Inspecting trees to prevent wildfires and outages
To address these challenges, today Hitachi Energy announced a new AI-driven solution, Hitachi Vegetation Manager, part of the company’s new Lumada Inspections Insights offering. The company claims it is “the first of its kind, closed-loop vegetation resource planning solution that leverages artificial intelligence and advanced analytics to improve the accuracy and effectiveness of an organization’s vegetation job activities and planning efforts.”
The solution, which uses algorithms developed at one of the company’s research and development centers in Japan, takes images of trees and forests from a variety of visual sources, including photo, video, and imagery from industry-leading Maxar satellites. By combining the images with climate, ecosystem and cut plan data as well as machine learning algorithms, Hitachi Vegetation Manager provides utilities with grid-wide visibility and better insights so that organizations can optimize decision-making.
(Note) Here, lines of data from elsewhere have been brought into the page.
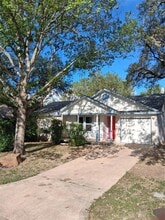 Building Photo - 8904 Linton Dr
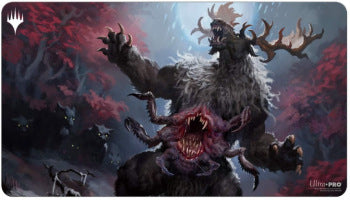 Ultra Pro Playmats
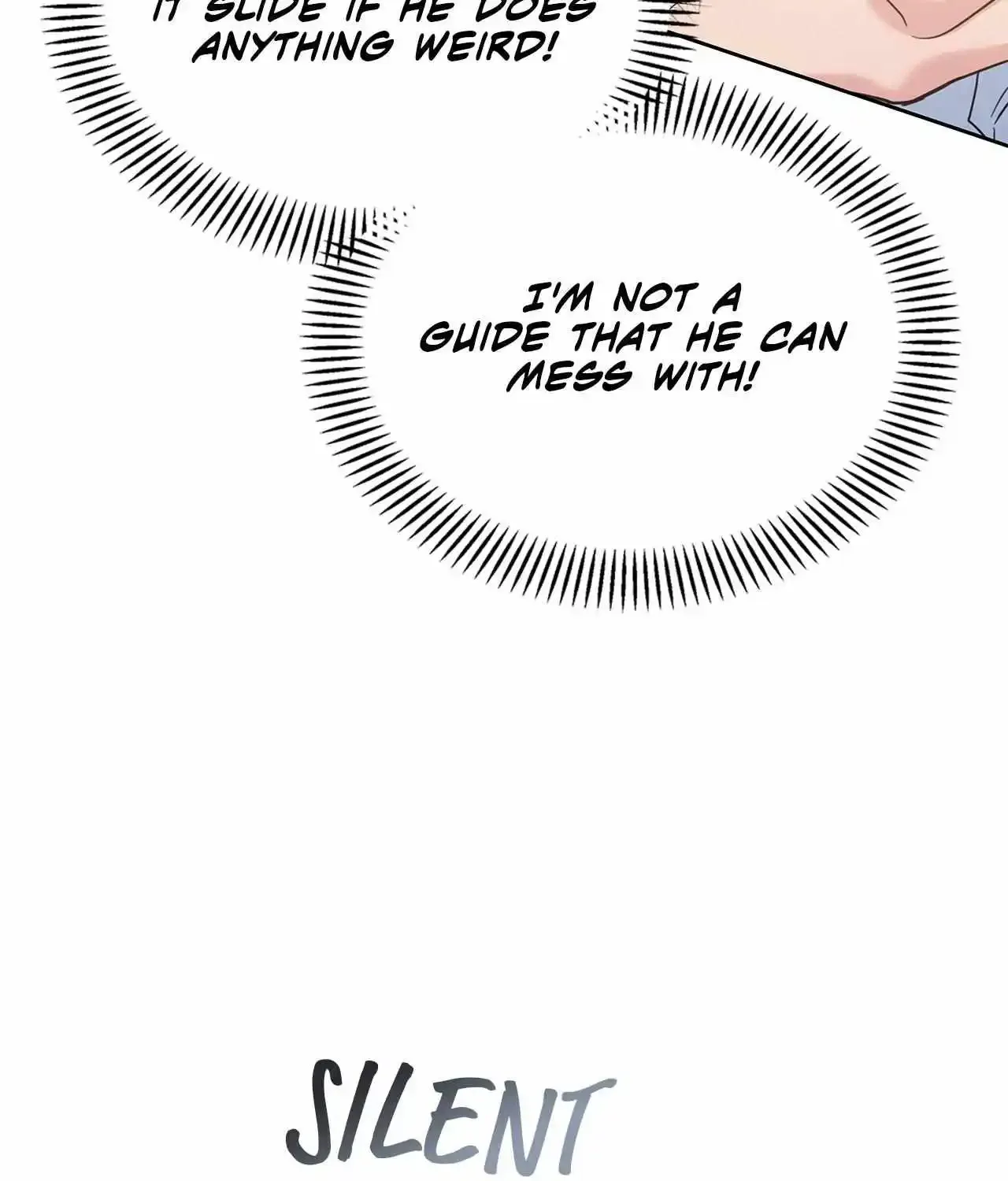 Senza Replica Zinmanga X Chapter 12 Page 4
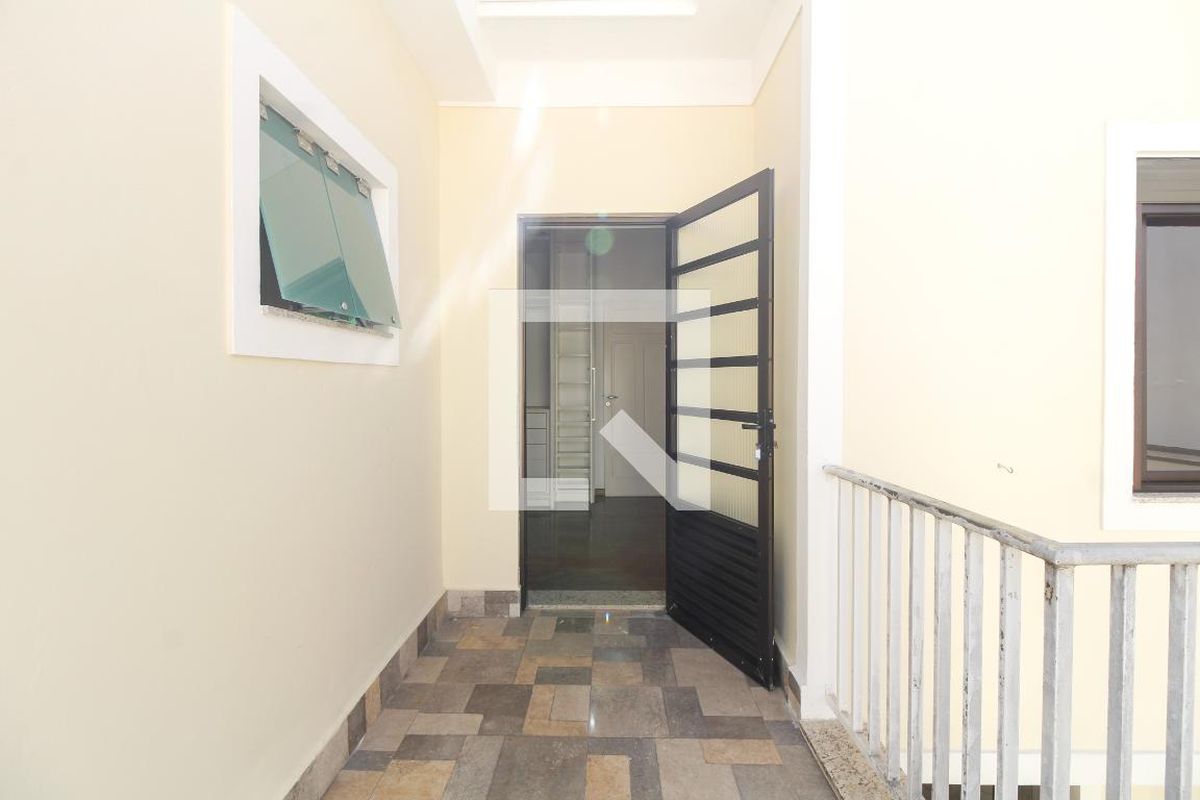 Casa, 3 quartos, 190 m² - Foto 87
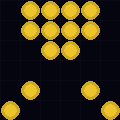 131.0.51.57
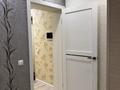 2-бөлмелі пәтер · 45 м² · 1/5 қабат, Габдуллина — Республики, бағасы: 26 млн ₸ в Астане, р-н Байконур — фото 56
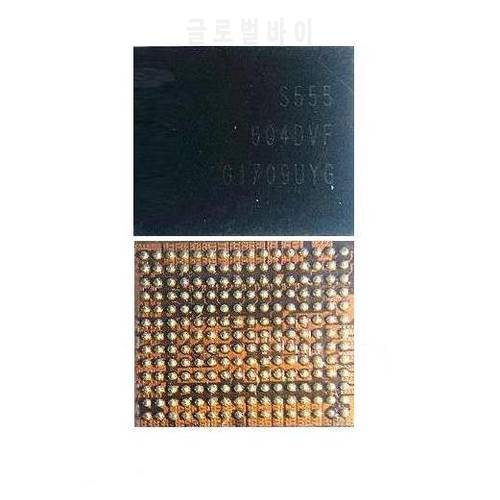 5pcs/lot, for Samsung Galaxy S5 G900F G900 G900H G900A Main big Power supply PMIC management IC chip PMC8974 on Mainboard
Satellites capture images, AI analyzes them
“With satellites remotely capturing images and AI analyzing them, we can better optimize and plan for addressing areas of concern,” said Friehauf. “This will also reduce the cost and emissions of the management program by minimizing truck and helicopter trips, and ultimately minimize outages and fires caused by vegetation.”
Using AI to track and analyze vegetation is particularly essential for utilities around the world, which are dealing with unprecedented climate-related challenges. In 2021, global wildfires generated an estimated total of 6,450 megatons of CO2 equivalent – approximately 148% more than the EU’s total fossil fuel emissions in 2020.
According to John Villali, research director at IDC Energy Insights, inspection, planning and monitoring are “among the most critical tasks utilities undertake to maintain grid reliability and resiliency. Hitachi Energy’s AI-driven solution, he explained, empowers utilities to improve decision making, optimize operations and “as a result, achieve their reliability, safety and sustainability goals.”
Utility industry more readily adopting AI
Historically, as a highly regulated sector, the utility industry hasn’t been a leader AI and other emerging technologies, said Phil Gruber, general manager in the energy/industry utility practice at Hitachi Vantara, Hitachi’s IT service management company. “The utility industry tends to be very cautious for good reason, and aren’t generally leaders in the use of technology, but they are starting to dabble,” he said.
One issue is organizations often believe they don’t have enough good-quality data to get started in AI or ML. “A lot of our discussion with customers is about trying to meet them where they are at with the data sets they have,” said Gruber. “We often discover they have sufficient data to really improve their decision-making and outcomes.”
But Hitachi Energy’s solution means utilities no longer need arborists to walk around miles of transmission lines to identify every species, Friehauf explained. Once species data is fed into the model, including the location and details such as soil quality, the algorithm can take weather precipitation data, analyze the tree species growth profile and predict where growth will happen and not happen.
“Of course, precipitation isn’t homogenous, so you can have areas even within the same county that receive more precipitation than another,” Friehauf said. “The tool will be able to show that even though you’ve trimmed back certain vegetation, maybe you have to do it again sooner because it gets a lot of rain, or if you’re in a drought you need to know how drought-resistant a species is.”
Overall, the Hitachi Vegetation Manager “gives you a very accurate prognostic on how that vegetation is growing,” said Friehauf. “This is important not just to utilities dealing with wildfire or power outage risks, but anyone who has to manage vegetation around their linear assets.”